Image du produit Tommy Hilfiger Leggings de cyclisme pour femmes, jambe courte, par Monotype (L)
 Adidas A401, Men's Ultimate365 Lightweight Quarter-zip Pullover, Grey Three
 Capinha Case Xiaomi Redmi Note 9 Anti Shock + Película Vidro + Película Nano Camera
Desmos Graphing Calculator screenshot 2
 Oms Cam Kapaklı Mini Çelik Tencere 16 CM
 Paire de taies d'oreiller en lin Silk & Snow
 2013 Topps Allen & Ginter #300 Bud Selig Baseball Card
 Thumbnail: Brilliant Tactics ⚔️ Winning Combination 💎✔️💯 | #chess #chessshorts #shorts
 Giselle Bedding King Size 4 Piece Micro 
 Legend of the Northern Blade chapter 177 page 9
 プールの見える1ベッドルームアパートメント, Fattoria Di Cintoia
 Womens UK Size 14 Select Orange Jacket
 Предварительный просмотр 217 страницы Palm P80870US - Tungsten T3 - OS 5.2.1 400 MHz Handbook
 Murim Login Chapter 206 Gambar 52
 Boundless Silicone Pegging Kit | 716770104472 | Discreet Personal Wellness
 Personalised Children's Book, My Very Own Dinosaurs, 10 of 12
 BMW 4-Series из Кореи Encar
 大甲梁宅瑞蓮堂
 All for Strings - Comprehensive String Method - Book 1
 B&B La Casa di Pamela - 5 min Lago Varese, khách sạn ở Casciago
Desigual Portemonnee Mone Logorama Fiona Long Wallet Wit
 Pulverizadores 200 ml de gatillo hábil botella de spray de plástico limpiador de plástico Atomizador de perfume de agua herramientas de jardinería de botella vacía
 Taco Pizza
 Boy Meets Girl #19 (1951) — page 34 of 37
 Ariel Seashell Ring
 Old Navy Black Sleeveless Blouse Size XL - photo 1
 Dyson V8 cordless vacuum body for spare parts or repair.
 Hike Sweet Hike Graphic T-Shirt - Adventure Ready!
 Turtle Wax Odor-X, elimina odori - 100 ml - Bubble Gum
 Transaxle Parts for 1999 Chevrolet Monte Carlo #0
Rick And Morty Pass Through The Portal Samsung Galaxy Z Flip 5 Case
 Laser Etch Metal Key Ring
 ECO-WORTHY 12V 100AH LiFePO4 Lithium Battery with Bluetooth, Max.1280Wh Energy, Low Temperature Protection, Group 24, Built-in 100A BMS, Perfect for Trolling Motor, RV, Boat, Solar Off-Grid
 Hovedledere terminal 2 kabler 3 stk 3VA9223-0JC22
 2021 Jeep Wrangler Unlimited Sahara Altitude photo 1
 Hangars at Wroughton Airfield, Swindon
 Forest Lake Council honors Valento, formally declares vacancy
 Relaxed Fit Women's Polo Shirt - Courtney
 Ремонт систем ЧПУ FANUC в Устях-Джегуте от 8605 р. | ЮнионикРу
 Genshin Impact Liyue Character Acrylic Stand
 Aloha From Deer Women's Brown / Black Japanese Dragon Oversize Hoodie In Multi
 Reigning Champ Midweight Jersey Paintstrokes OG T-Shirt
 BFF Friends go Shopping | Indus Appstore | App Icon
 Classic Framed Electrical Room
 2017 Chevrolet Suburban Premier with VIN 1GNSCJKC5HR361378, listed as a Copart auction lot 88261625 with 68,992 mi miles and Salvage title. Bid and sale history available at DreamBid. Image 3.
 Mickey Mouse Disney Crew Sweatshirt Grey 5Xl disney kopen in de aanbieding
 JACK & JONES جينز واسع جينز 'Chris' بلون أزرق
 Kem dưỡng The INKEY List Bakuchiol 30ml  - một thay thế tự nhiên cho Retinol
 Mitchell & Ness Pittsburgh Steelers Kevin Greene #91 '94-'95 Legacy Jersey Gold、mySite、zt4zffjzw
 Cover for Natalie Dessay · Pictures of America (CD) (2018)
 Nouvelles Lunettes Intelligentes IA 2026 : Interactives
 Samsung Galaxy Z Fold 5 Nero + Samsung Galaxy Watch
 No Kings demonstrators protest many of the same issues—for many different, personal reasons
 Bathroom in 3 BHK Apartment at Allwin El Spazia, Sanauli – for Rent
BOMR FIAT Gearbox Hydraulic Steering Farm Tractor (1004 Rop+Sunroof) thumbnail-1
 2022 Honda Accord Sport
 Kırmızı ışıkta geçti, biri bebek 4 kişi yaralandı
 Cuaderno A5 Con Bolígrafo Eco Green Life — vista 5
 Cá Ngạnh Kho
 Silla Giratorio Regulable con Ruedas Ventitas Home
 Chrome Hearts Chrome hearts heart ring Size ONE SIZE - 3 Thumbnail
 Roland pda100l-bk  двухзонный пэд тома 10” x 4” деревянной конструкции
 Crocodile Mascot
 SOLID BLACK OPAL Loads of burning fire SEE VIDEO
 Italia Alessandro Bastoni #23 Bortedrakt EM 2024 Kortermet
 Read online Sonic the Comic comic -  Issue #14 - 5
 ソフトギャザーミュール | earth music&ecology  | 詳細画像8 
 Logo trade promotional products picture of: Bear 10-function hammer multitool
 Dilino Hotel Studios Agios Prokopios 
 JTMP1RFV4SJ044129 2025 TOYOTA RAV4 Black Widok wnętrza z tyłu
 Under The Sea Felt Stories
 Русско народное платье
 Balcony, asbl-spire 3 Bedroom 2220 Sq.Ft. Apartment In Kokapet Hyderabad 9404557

────────────────

Reproduce exactly the lines above from the line with "Laser Etch Metal Key Ring" to the line with "Crocodile Mascot", including both, and add nothing.

 Laser Etch Metal Key Ring
 ECO-WORTHY 12V 100AH LiFePO4 Lithium Battery with Bluetooth, Max.1280Wh Energy, Low Temperature Protection, Group 24, Built-in 100A BMS, Perfect for Trolling Motor, RV, Boat, Solar Off-Grid
 Hovedledere terminal 2 kabler 3 stk 3VA9223-0JC22
 2021 Jeep Wrangler Unlimited Sahara Altitude photo 1
 Hangars at Wroughton Airfield, Swindon
 Forest Lake Council honors Valento, formally declares vacancy
 Relaxed Fit Women's Polo Shirt - Courtney
 Ремонт систем ЧПУ FANUC в Устях-Джегуте от 8605 р. | ЮнионикРу
 Genshin Impact Liyue Character Acrylic Stand
 Aloha From Deer Women's Brown / Black Japanese Dragon Oversize Hoodie In Multi
 Reigning Champ Midweight Jersey Paintstrokes OG T-Shirt
 BFF Friends go Shopping | Indus Appstore | App Icon
 Classic Framed Electrical Room
 2017 Chevrolet Suburban Premier with VIN 1GNSCJKC5HR361378, listed as a Copart auction lot 88261625 with 68,992 mi miles and Salvage title. Bid and sale history available at DreamBid. Image 3.
 Mickey Mouse Disney Crew Sweatshirt Grey 5Xl disney kopen in de aanbieding
 JACK & JONES جينز واسع جينز 'Chris' بلون أزرق
 Kem dưỡng The INKEY List Bakuchiol 30ml  - một thay thế tự nhiên cho Retinol
 Mitchell & Ness Pittsburgh Steelers Kevin Greene #91 '94-'95 Legacy Jersey Gold、mySite、zt4zffjzw
 Cover for Natalie Dessay · Pictures of America (CD) (2018)
 Nouvelles Lunettes Intelligentes IA 2026 : Interactives
 Samsung Galaxy Z Fold 5 Nero + Samsung Galaxy Watch
 No Kings demonstrators protest many of the same issues—for many different, personal reasons
 Bathroom in 3 BHK Apartment at Allwin El Spazia, Sanauli – for Rent
BOMR FIAT Gearbox Hydraulic Steering Farm Tractor (1004 Rop+Sunroof) thumbnail-1
 2022 Honda Accord Sport
 Kırmızı ışıkta geçti, biri bebek 4 kişi yaralandı
 Cuaderno A5 Con Bolígrafo Eco Green Life — vista 5
 Cá Ngạnh Kho
 Silla Giratorio Regulable con Ruedas Ventitas Home
 Chrome Hearts Chrome hearts heart ring Size ONE SIZE - 3 Thumbnail
 Roland pda100l-bk  двухзонный пэд тома 10” x 4” деревянной конструкции
 Crocodile Mascot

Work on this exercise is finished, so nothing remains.